Mochdar menjelaskan, keberadaan infrastruktur industri seperti smelter dan pelabuhan bukan hanya simbol pembangunan, melainkan juga representasi relasi kuasa yang kerap meminggirkan masyarakat lokal dari ruang hidup mereka.
Selain aspek lingkungan, ia juga mengkaji praktik patronase politik dalam kebijakan pembangunan di daerah. “Ketika aktor lokal seperti Sherly Tjoanda memiliki peran dalam proses perizinan dan investasi, maka perlu ada kontrol dan transparansi untuk memastikan tidak terjadi penyalahgunaan wewenang atau pengabaian hak masyarakat,” jelasnya.
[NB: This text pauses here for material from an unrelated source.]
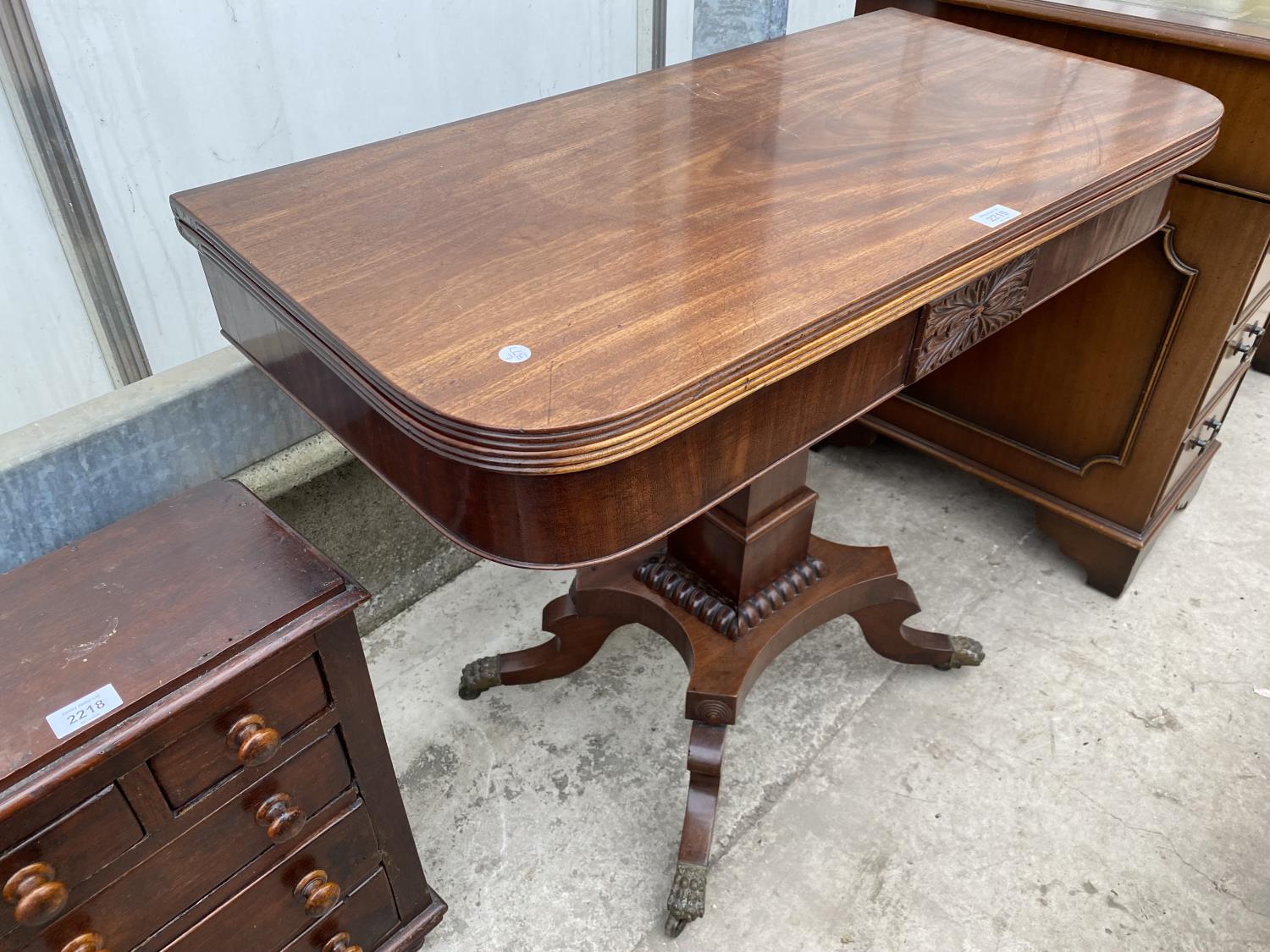 A 19TH CENTURY MAHOGANY FOLD-OVER CARD TABLE ON QUATREFOIL BASE WITH BRASS LION PAW FEET, 35" WIDE - Image 3 of 7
Beberapa laporan masyarakat menyebut adanya tekanan terhadap warga yang mempertanyakan dokumen AMDAL atau menolak aktivitas tambang. Di beberapa kasus, warga disebut menghadapi intimidasi atau pelabelan sebagai penghambat pembangunan.
Sebagai Gubernur Maluku Utara, posisi Sherly Tjoanda dinilai menjadi kunci dalam menentukan masa depan arah pembangunan di provinsi tersebut. Mochdar menegaskan pentingnya reformulasi kebijakan agar berpihak pada kepentingan rakyat dan kelestarian lingkungan.
“Pembangunan tidak hanya soal pertumbuhan ekonomi, tetapi juga keadilan ekologis dan sosial. Perlu ada pendekatan pembangunan yang lebih demokratis dan partisipatif,” tutupnya.